From Alexander Hamilton to Elizabeth Hamilton, 22 July 1783

To Elizabeth Hamilton

Philadelphia
July 22d. 1783

I wrote you my beloved Betsey by the last post, which I hope will not meet with the fate that many others of my letters must have met with. I count upon setting out to see you in four days; but I have been so frequently disappointed by unforeseen events, that I shall not be without apprehensions of being detained, ’till I have begun my journey. The members of Congress are very pressing with me not to go away at this time as the house is thin, and as the definitive treaty is momently expected.

Tell your father that Mr. Rivington1 in a letter to the South Carolina delegates has given information coming to him from Admiral Arbuthnot,2 that the Mercury-frigate is arrived at New York with the definitive treaty, and that the city was to be evacuated yesterday by the treaty.

I am strongly urged to stay a few days for the ratification of the treaty; at all events however I will not be long from My Betsey.

I give you joy my angel of the happy conclusion of the important work in which your country has been engaged. Now in a very short time I hope we shall be happily settled in New York.

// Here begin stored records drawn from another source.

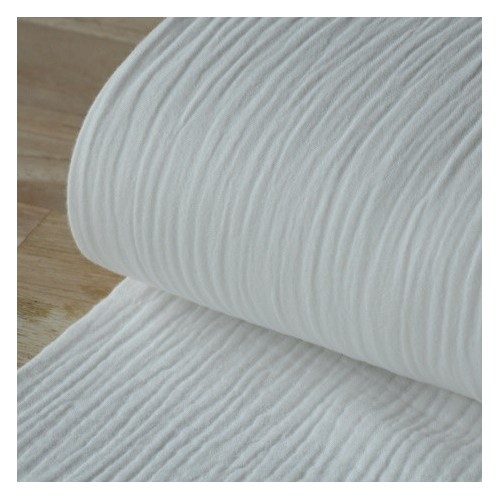 tissu triple gaze de coton tissu triple gaze de coton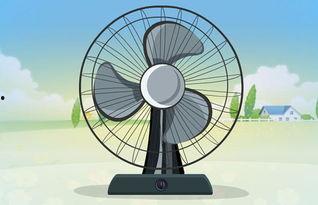 国产风扇发电视频,科技与艺术的完美融合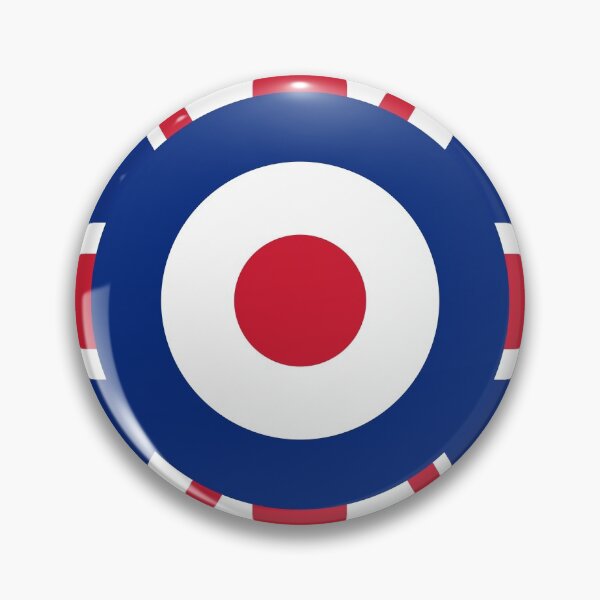 Artikelvorschau, Union Jack und Mod Logo Kombination entworfen und verkauft von shavenmonkeys.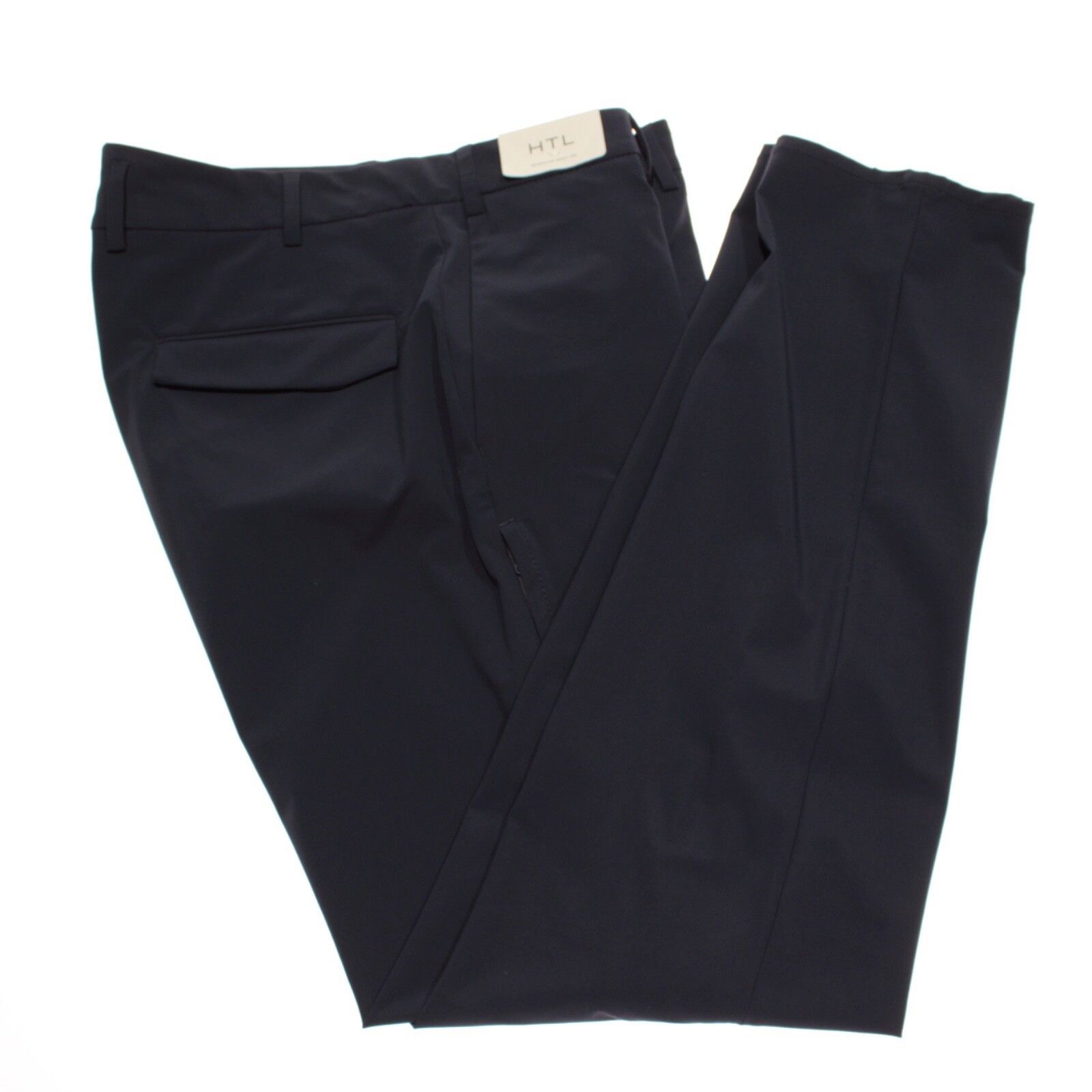 Hiltl Hiltl New with tags Chino Size 34 US In Blue Size US 34 / EU 50 - 2 Thumbnail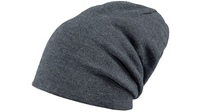 Barts Eclipse Beanie DARK HEATHER ONE SIZE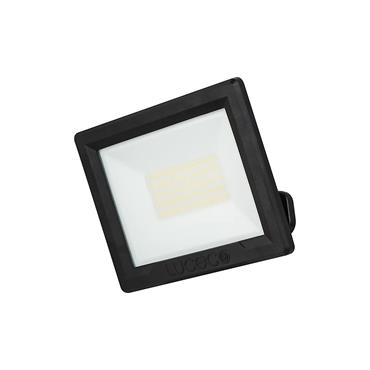 LUCECO ESSENCE 50W FLOODLIGHT BLK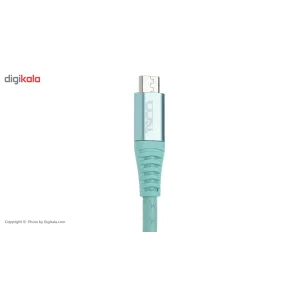 کابل تبدیل USB به microUSB تسکو مدل TC 50 طول 0.9 متر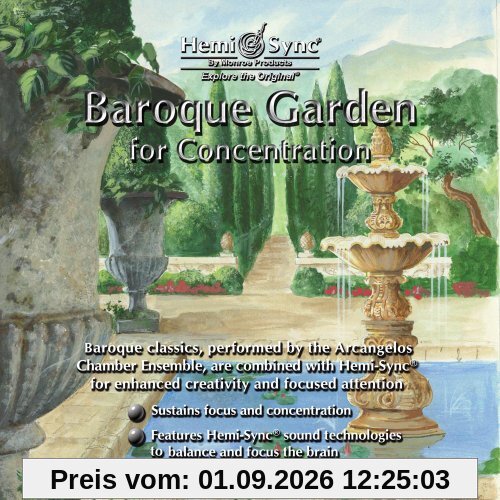 Baroque Garden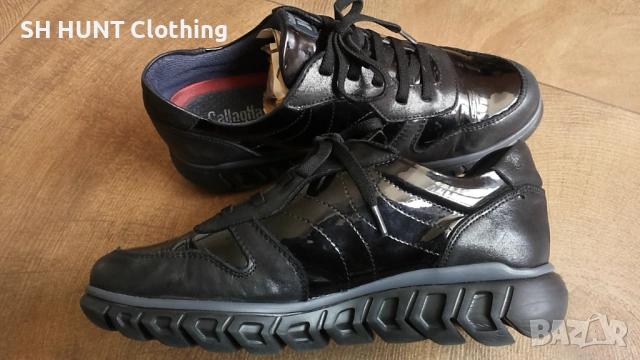 Callaghan Shoes Размер EUR 37 дамски естествена кожа 168-12-S, снимка 6 - Маратонки - 53043005
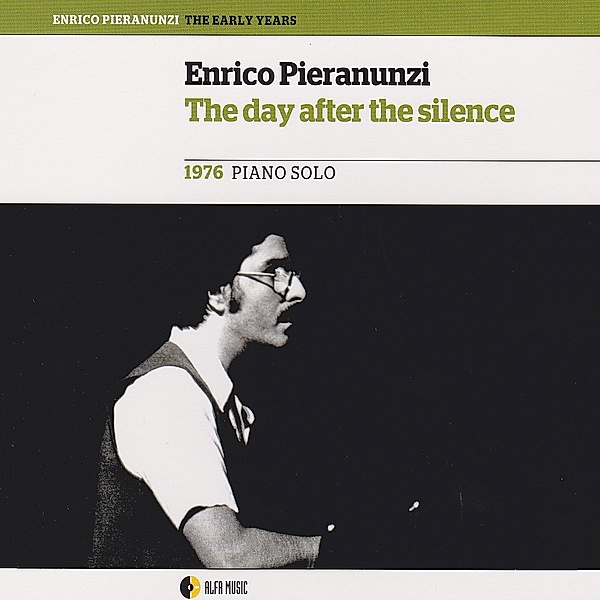 The Day After The Silence, Enrico Pieranunzi
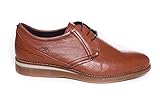 zapatos fluchos hombre baratos  Zapato Marrón de Cordones cómodo - Fluchos F0517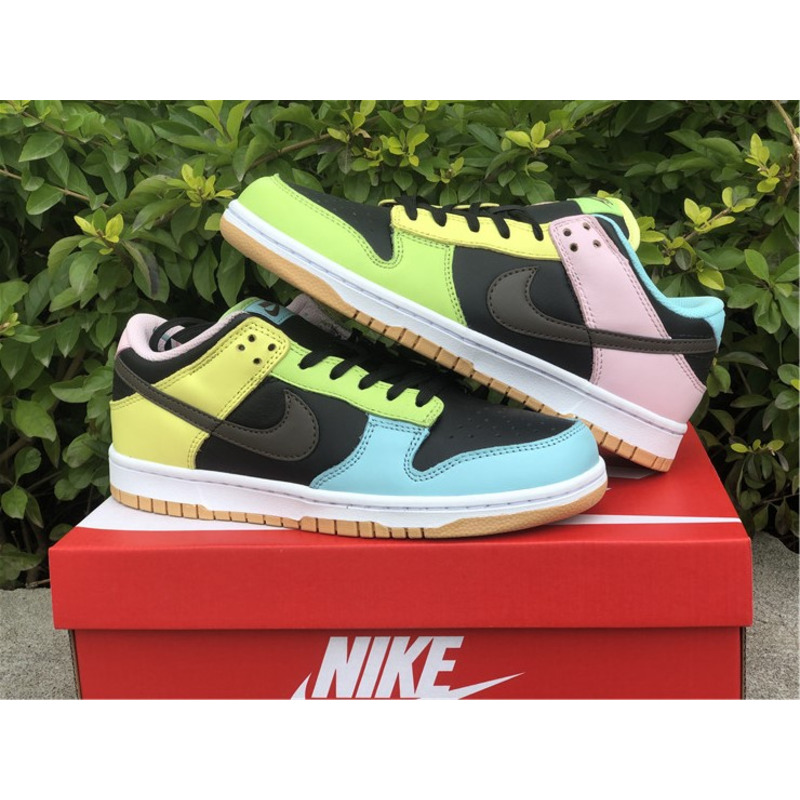Nike Dunk Low SE "Free 99" DH0952 001 Sneakers Men Women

My love to your father. Kiss my boy a thousand times. A thousand loves to yourself.

A Hamilton

ALS, Hamilton Papers, Library of Congress.

1James Rivington, after his printing press in New York had been destroyed late in 1775 by the Sons of Liberty (see H to John Jay, November 26, 1775), had gone to England. Appointed the King’s printer in New York, he returned to America in October, 1777, and began publication of Rivington’s New-York Gazette: or The Connecticut, Hudson’s River, New-Jersey, and Quebec Weekly Advertiser (later The Royal Gazette).

2It was Admiral Robert Digby, the naval commander in the American station, not Admiral Marriot Arbuthnot.